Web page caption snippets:
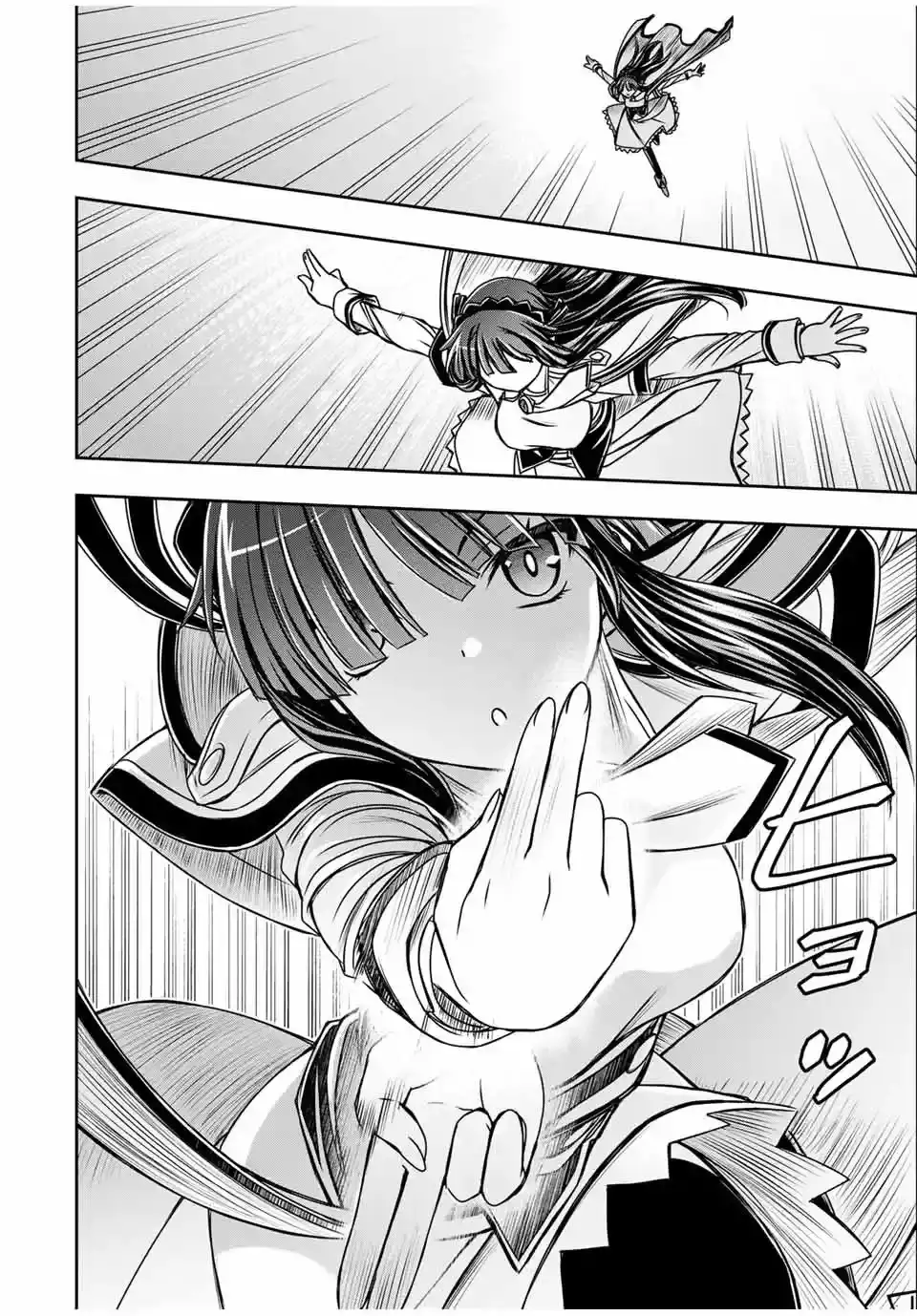 Nengan No Akuyaku Reijō (rasubosu) No Karada O Teniireta Zo! - Capítulo 21 - Página 9 - LectorTMOo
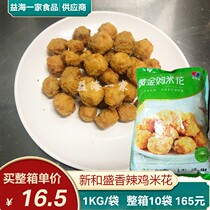 Xinhe Sheng chicken rice flower spicy 1kg bags of chicken fillet chicken pieces salt crispy chicken frozen fried semi-finished snacks commercial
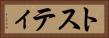 トスティ Horizontal Portrait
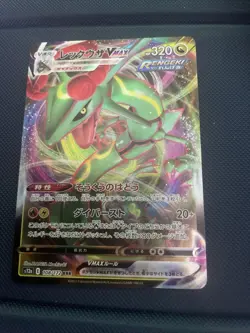 Rayquaza VMAX 108/172 s12a VSTAR Universe Japanese Pokemon Card - Image 1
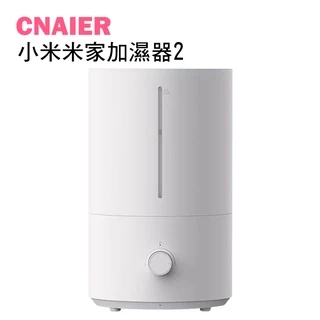 【CNAIER】米家加濕器2 現貨 當天出貨 加濕器 大容量 增濕器 空氣潤濕 改善乾燥空氣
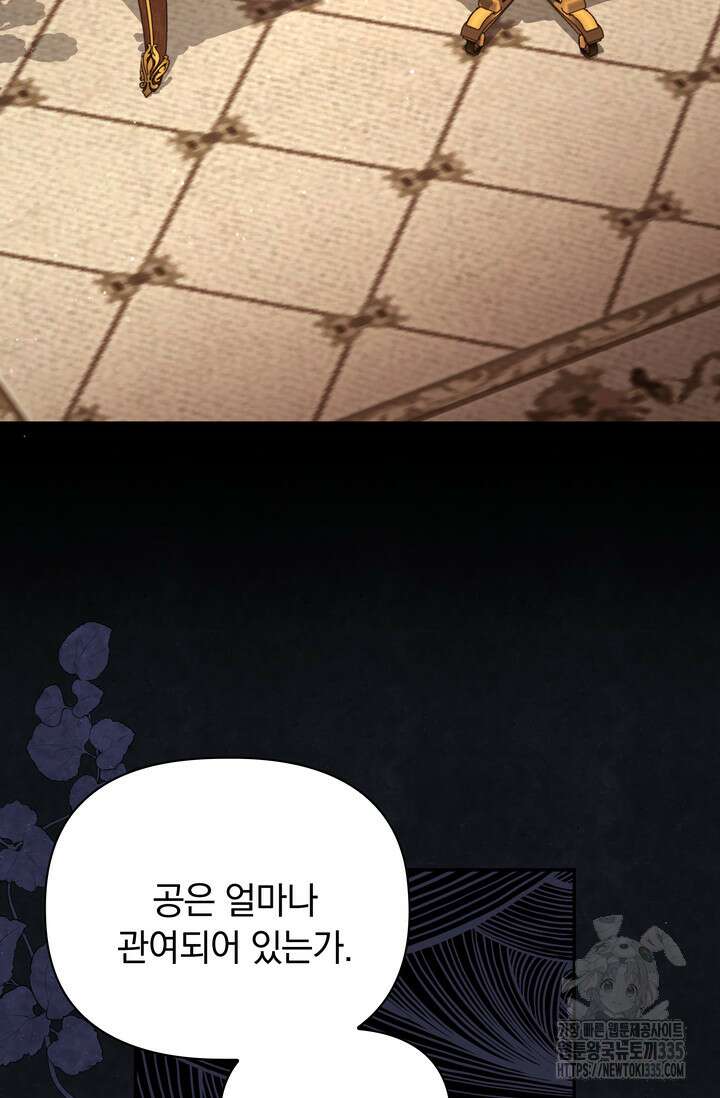 슈공녀 86화 10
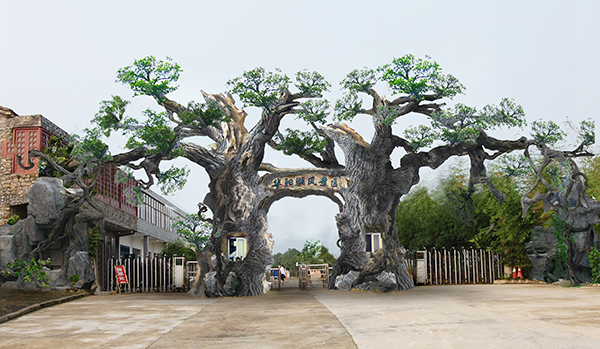 1.华阳湖景区大门.jpg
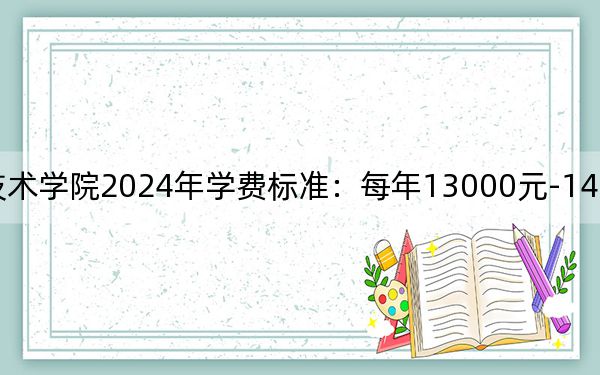 南昌大學(xué)科學(xué)技術(shù)學(xué)院2024年學(xué)費(fèi)標(biāo)準(zhǔn):每年13000元-14500元(各專業(yè)收費(fèi)標(biāo)準(zhǔn))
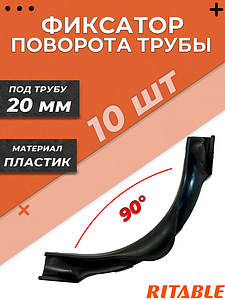 Фиксатор поворота трубы 90° Ritable для труб диаметром 20 мм- 10 шт.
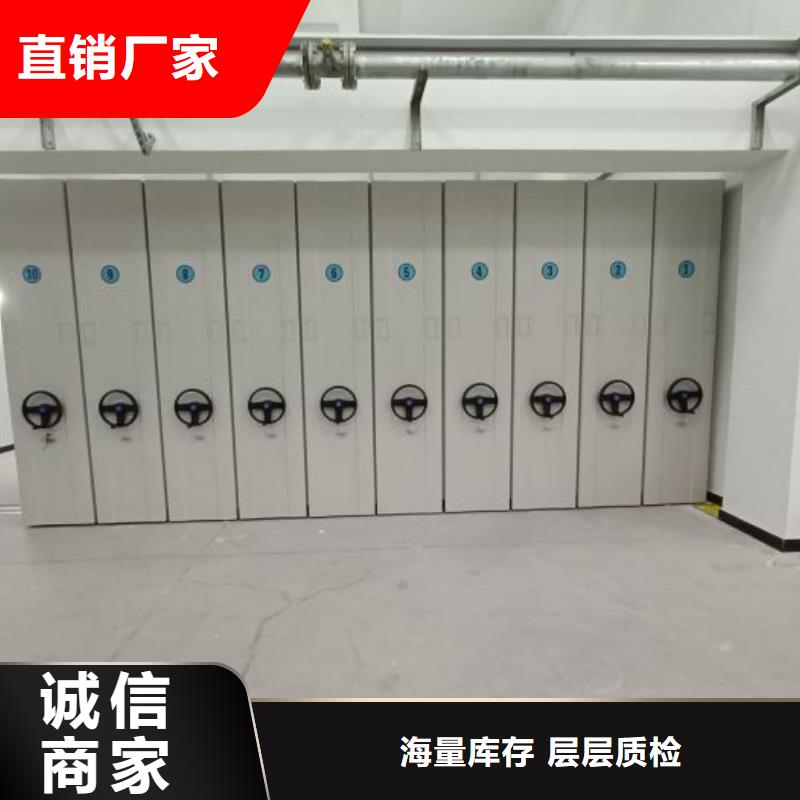 病案密集柜视频-病案密集柜|萍乡市|芦溪|莲花|南昌|吉安|抚州|宜春|赣州|上饶|九江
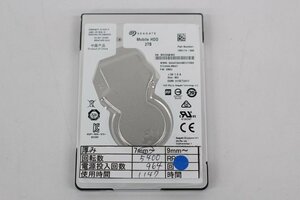 SEAGATE ST2000LM007 2TB 2.5 HDD SATA 動作品☆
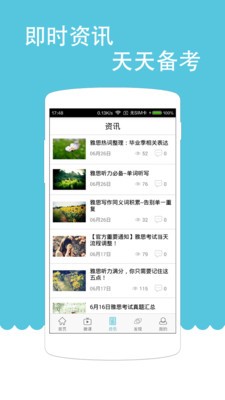 雅思考满分软件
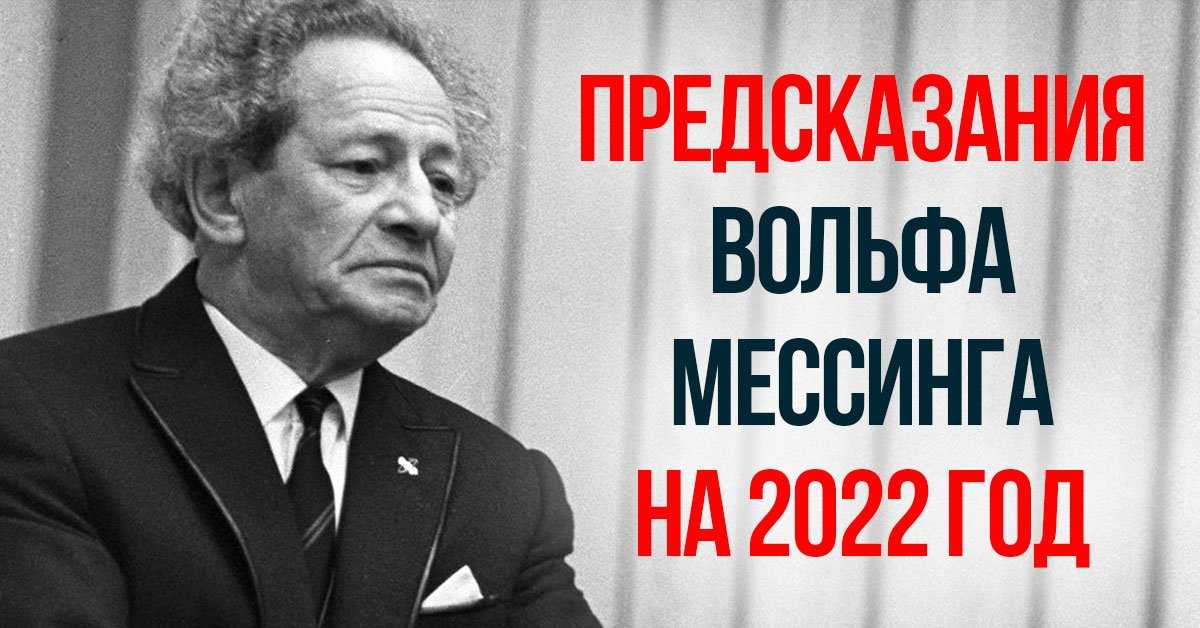 Вольф мессинг. исследование (продолжение) - международный институт регрессологии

● INSTRUCTIONS FOR THE TASK: Please leave out the pictures while you copy exactly the lines from the one containing "病案密集柜视频-病案密集柜|" through the end of the records.

● ANSWER AREA:
 病案密集柜视频-病案密集柜|萍乡市|芦溪|莲花|南昌|吉安|抚州|宜春|赣州|上饶|九江
 SEAGATE ST2000LM007 2TB 2.5 HDD SATA 動作品☆
 雅思考满分软件
 Вольф мессинг. исследование (продолжение) - международный институт регрессологии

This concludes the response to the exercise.